● WORK REQUEST
Copy out the whole listing exactly as written, leaving the pictures behind.
○ ○ ○ ○ ○ ○ ○
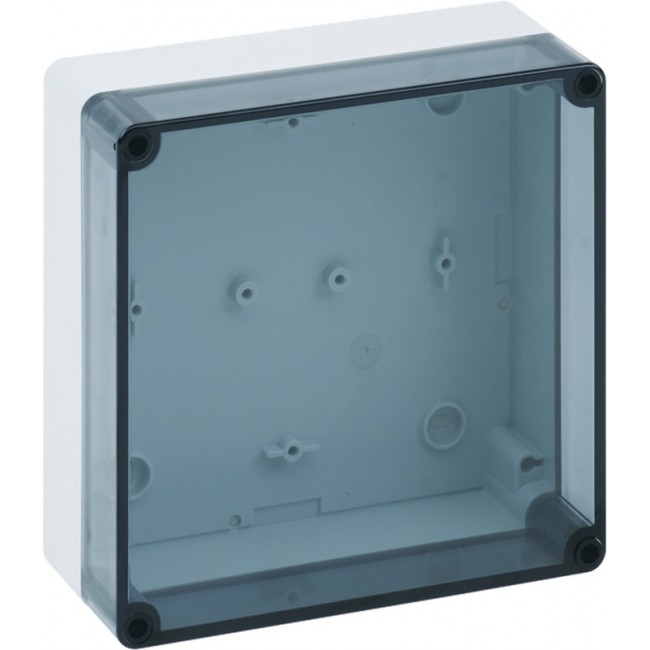 11151301, TK PS Series Grey Polystyrene Enclosure, IP66, Transparent Lid, 182 x 180 x 84mm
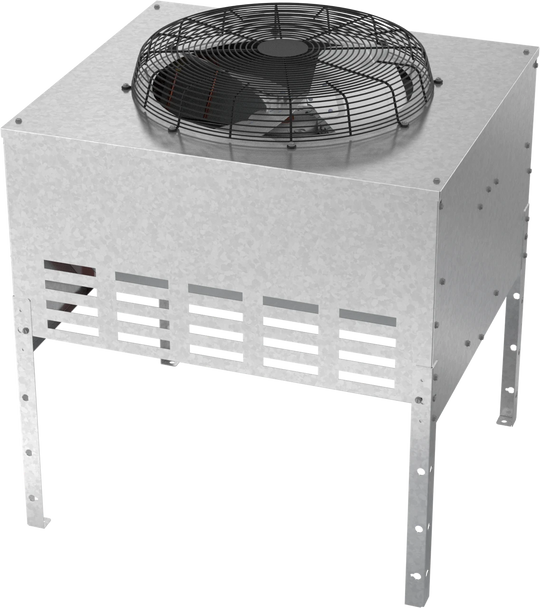 Ice-O-Matic RC406C40 remote condenser for CIM2046R and CIM2047R ice machines, right angle view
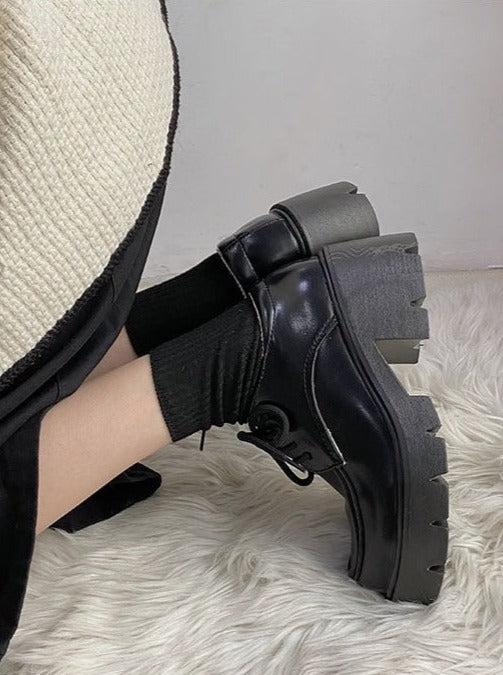 Lace-up Platform Shoes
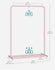 SONGMICS Clothing Metal Garment Rack w/ Wheels and Dense Mesh Storage Shelf - Pink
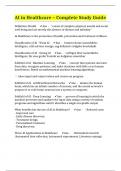 AI in Healthcare &ndash; Complete Study Guide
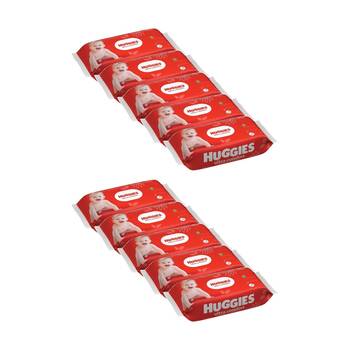 10x 56pc Huggies Ultra Comfort Soft Baby Wipes Travel Pack Sensitive Skin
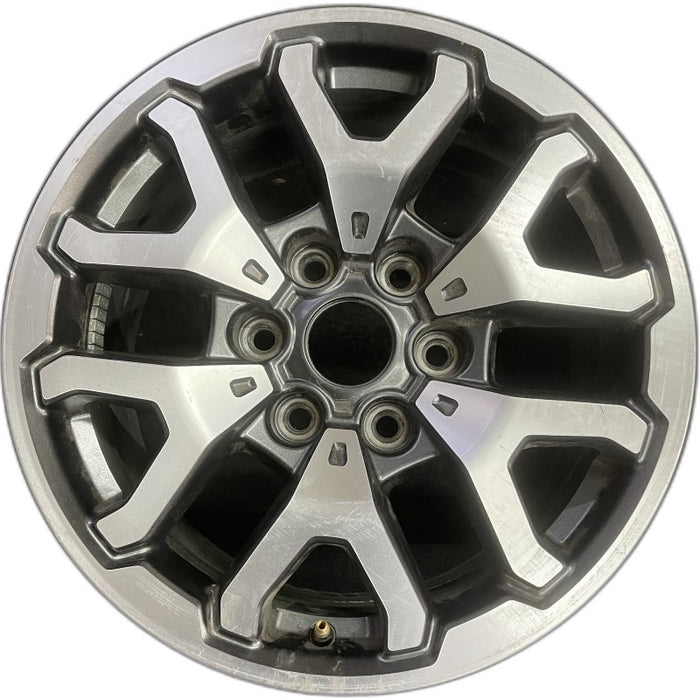 17" FORD F150 RAPTOR 21-23 17x8.5 aluminum 6 spoke V spoke silver Original OEM Wheel Rim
○ ○ ○ ○ ○ ○ ○
● EXERCISE SOLUTION
 11151301, TK PS Series Grey Polystyrene Enclosure, IP66, Transparent Lid, 182 x 180 x 84mm
 Ice-O-Matic RC406C40 remote condenser for CIM2046R and CIM2047R ice machines, right angle view
 Lace-up Platform Shoes
 SONGMICS Clothing Metal Garment Rack w/ Wheels and Dense Mesh Storage Shelf - Pink
 AI in Healthcare &ndash; Complete Study Guide
 10x 56pc Huggies Ultra Comfort Soft Baby Wipes Travel Pack Sensitive Skin
 17" FORD F150 RAPTOR 21-23 17x8.5 aluminum 6 spoke V spoke silver Original OEM Wheel Rim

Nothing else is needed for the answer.